EXERCISE
Return each line of the data below verbatim; pictures are to be left out.

----- COLLECTED MATERIAL -----

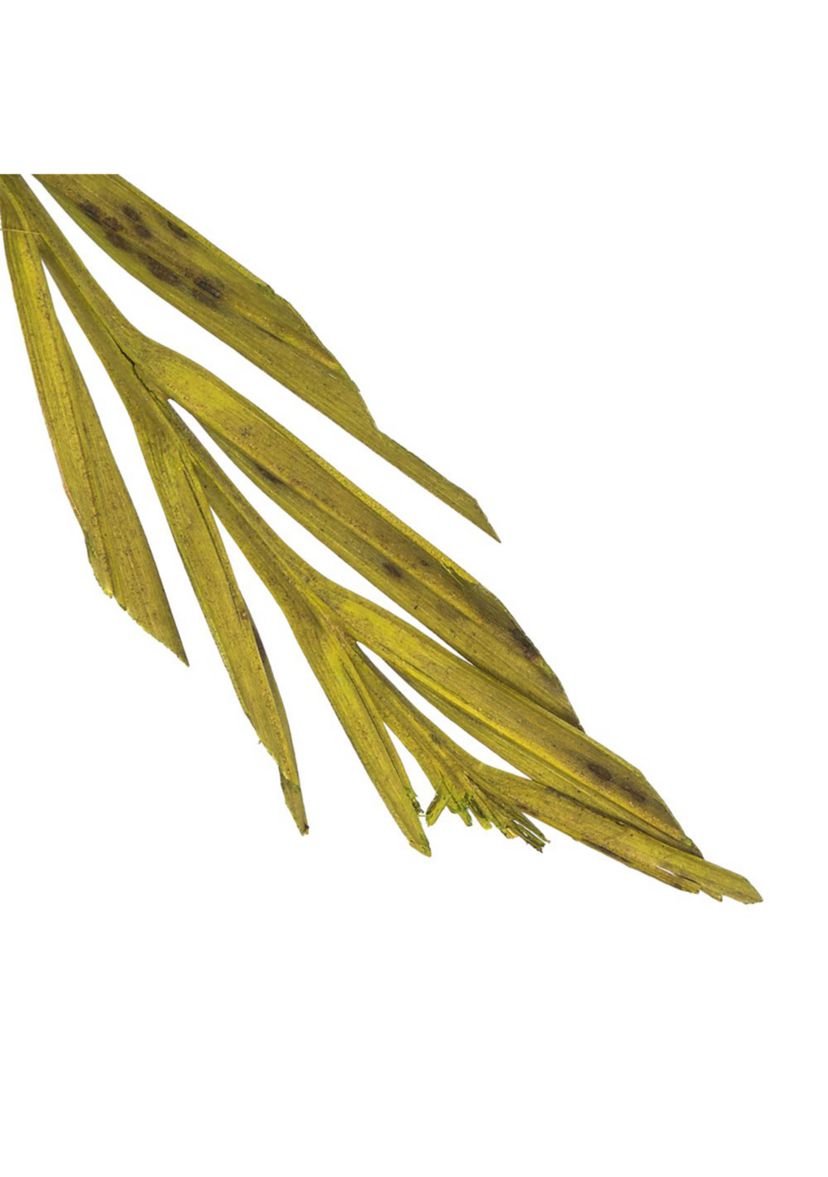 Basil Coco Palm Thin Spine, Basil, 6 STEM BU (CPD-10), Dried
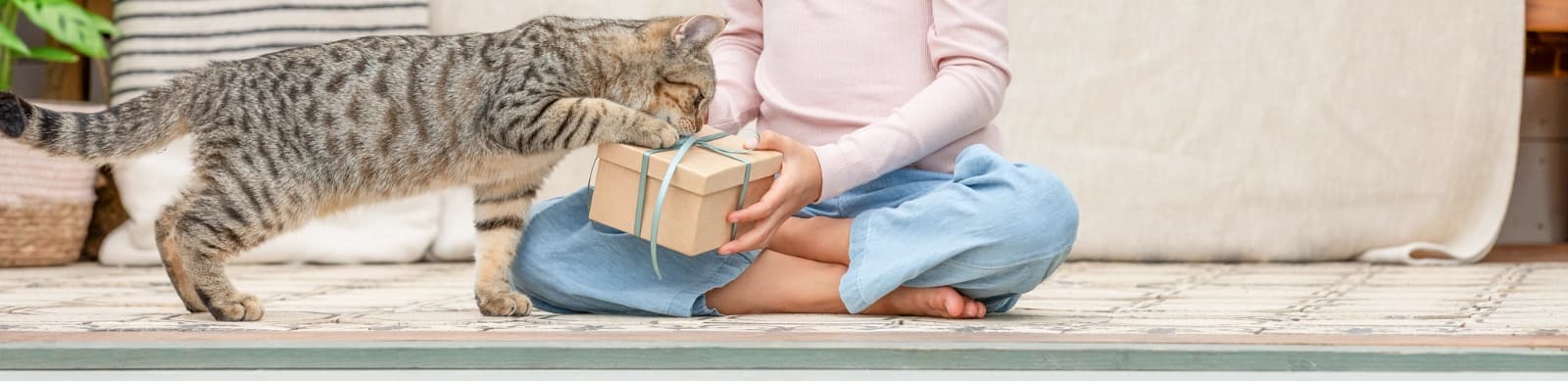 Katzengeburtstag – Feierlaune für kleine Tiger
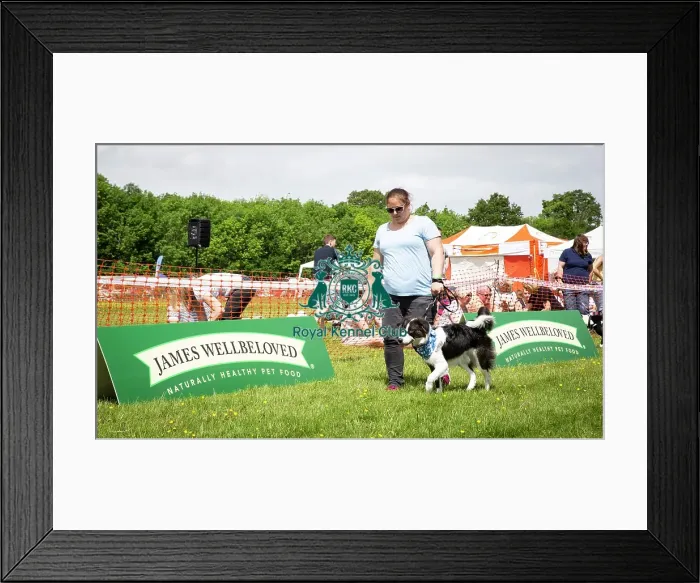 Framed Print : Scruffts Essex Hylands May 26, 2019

-----

TASK OUTPUT
 Basil Coco Palm Thin Spine, Basil, 6 STEM BU (CPD-10), Dried
 Katzengeburtstag – Feierlaune für kleine Tiger
 Framed Print : Scruffts Essex Hylands May 26, 2019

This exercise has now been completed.